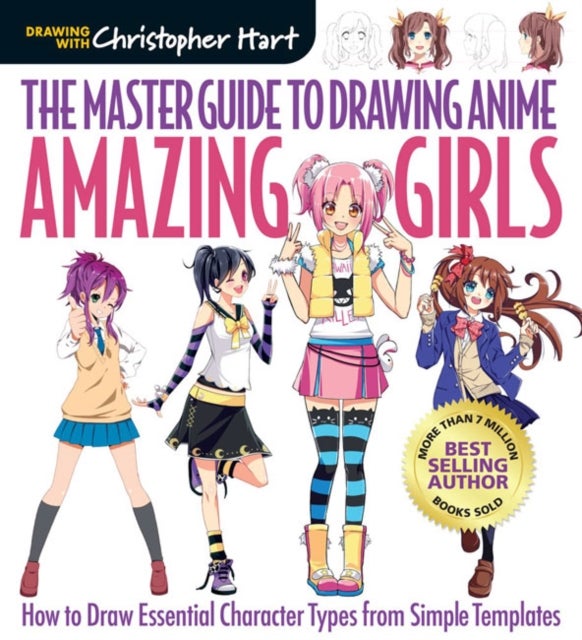 Bilde av The Master Guide To Drawing Anime: Amazing Girls Av Christopher Hart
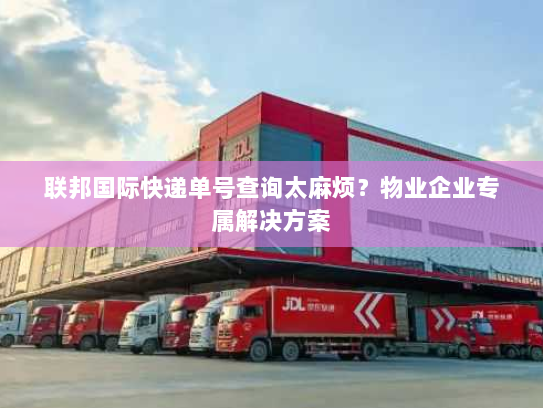 联邦国际快递单号查询太麻烦?物业企业专属解决方案 联邦国际快递单号查询太麻烦?物业企业专属解决方案
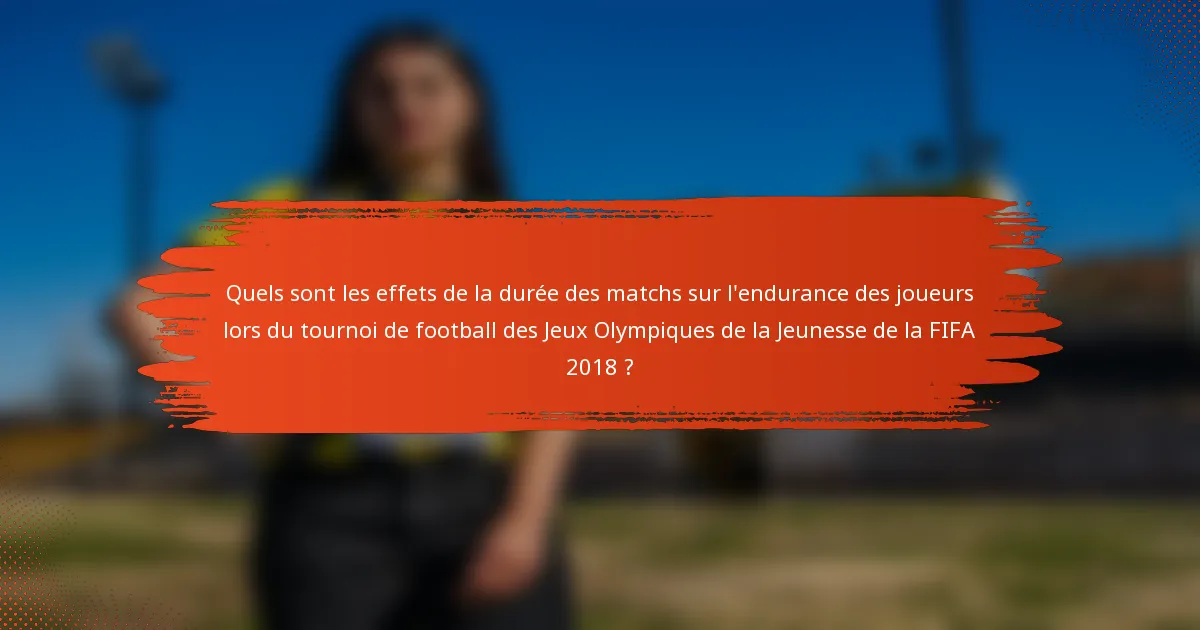 Quels sont les effets de la durée des matchs sur l'endurance des joueurs lors du tournoi de football des Jeux Olympiques de la Jeunesse de la FIFA 2018 ?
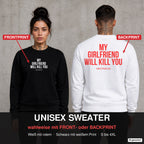 My girlfriend will kill you – Pullover wahlweise mit Front- oder Backprint, Paar vor Betonwand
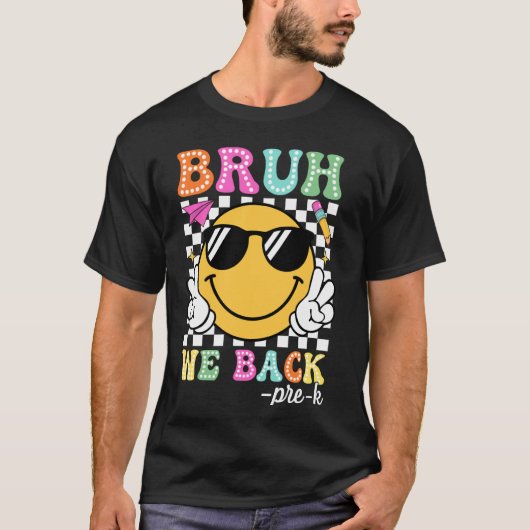 Bruh Weバック前K Groovy前Kの最初の日教え Tシャツ (正面)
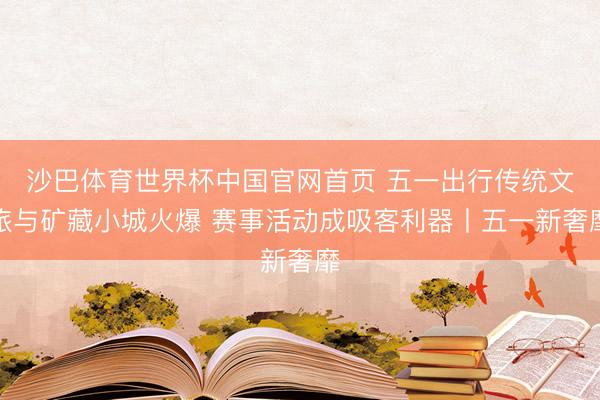 沙巴体育世界杯中国官网首页 五一出行传统文旅与矿藏小城火爆 赛事活动成吸客利器丨五一新奢靡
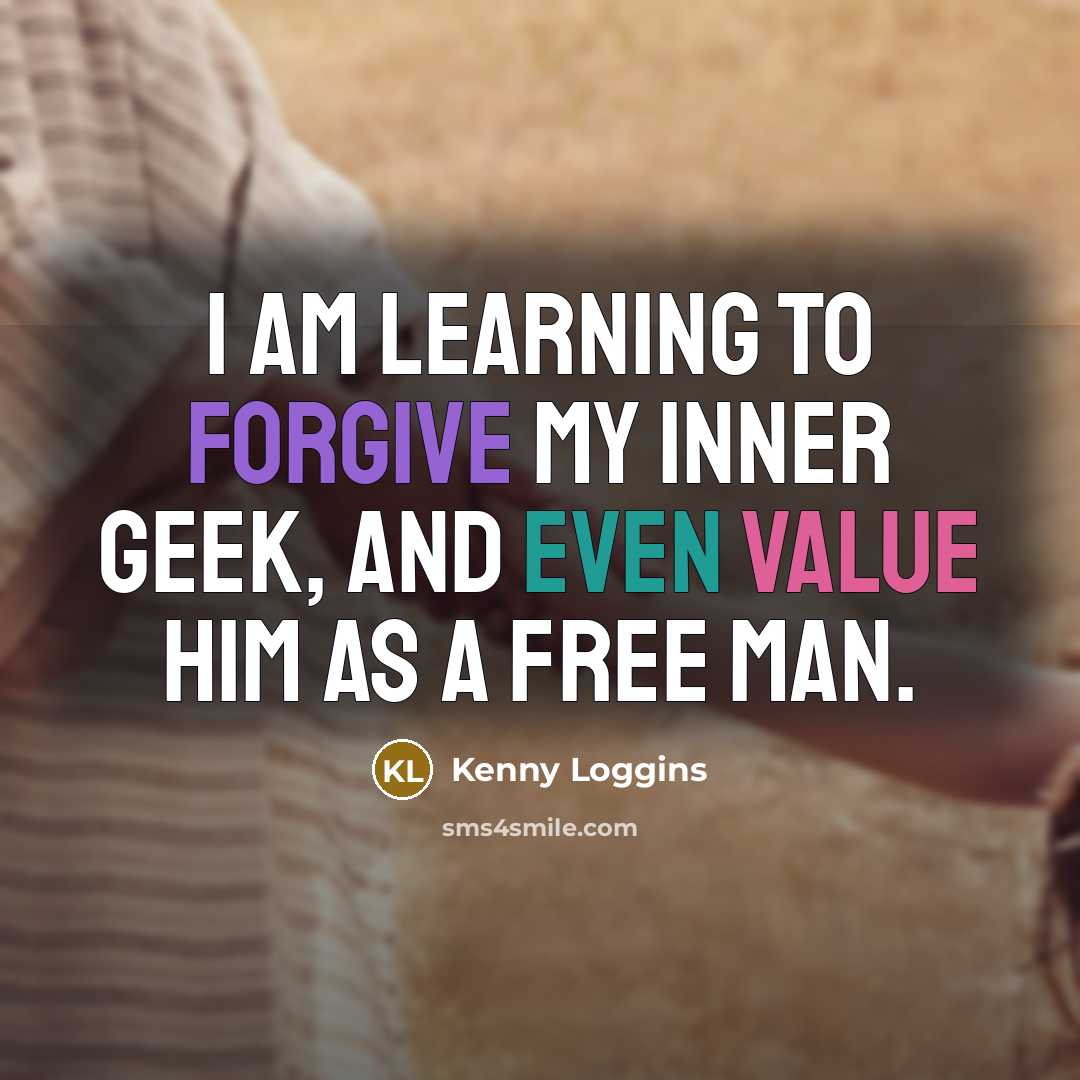 “I am learning to forgive my inner geek, and even value him as a free man.” quote by Kenny Loggins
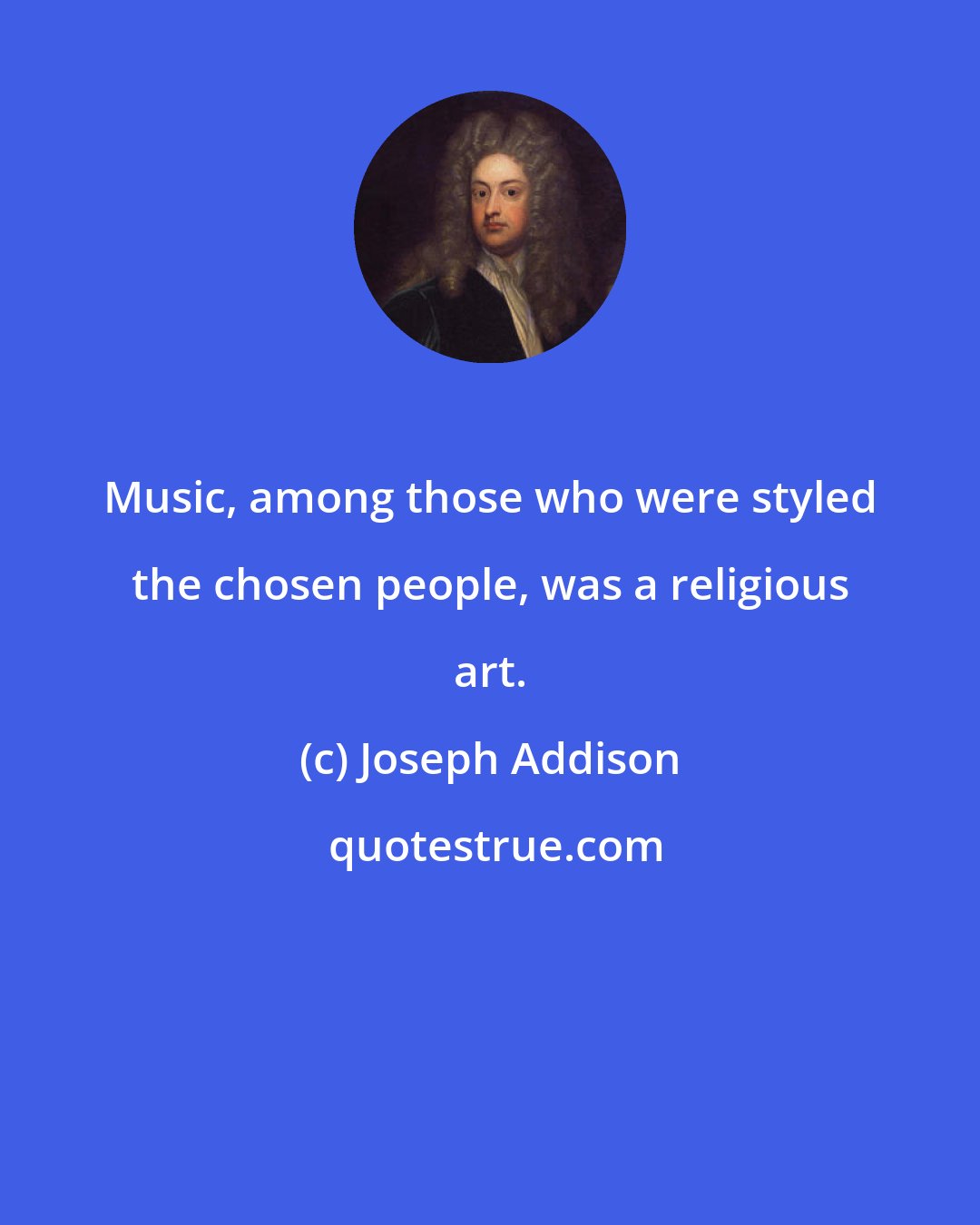 Joseph Addison: Music, among those who were styled the chosen people, was a religious art.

☆ ☆ ☆ ☆ ☆ ☆ ☆

Exercise description:
Copy out exactly the lines above beginning with the line that contains "联邦国际快递单号查询太麻烦?物业企业专属解决方案 联邦国" and finishing with the line that contains "沙巴体育世界杯中国官网首页 五一出行传统文旅与矿藏小城火爆 赛事活动成吸客利器丨五一新奢靡", including both; leave the pictures out.

Solved exercise:
 联邦国际快递单号查询太麻烦?物业企业专属解决方案 联邦国际快递单号查询太麻烦?物业企业专属解决方案
 Quels sont les effets de la durée des matchs sur l'endurance des joueurs lors du tournoi de football des Jeux Olympiques de la Jeunesse de la FIFA 2018 ?
 My girlfriend will kill you – Pullover wahlweise mit Front- oder Backprint, Paar vor Betonwand
 Bruh Weバック前K Groovy前Kの最初の日教え Tシャツ (正面)
 沙巴体育世界杯中国官网首页 五一出行传统文旅与矿藏小城火爆 赛事活动成吸客利器丨五一新奢靡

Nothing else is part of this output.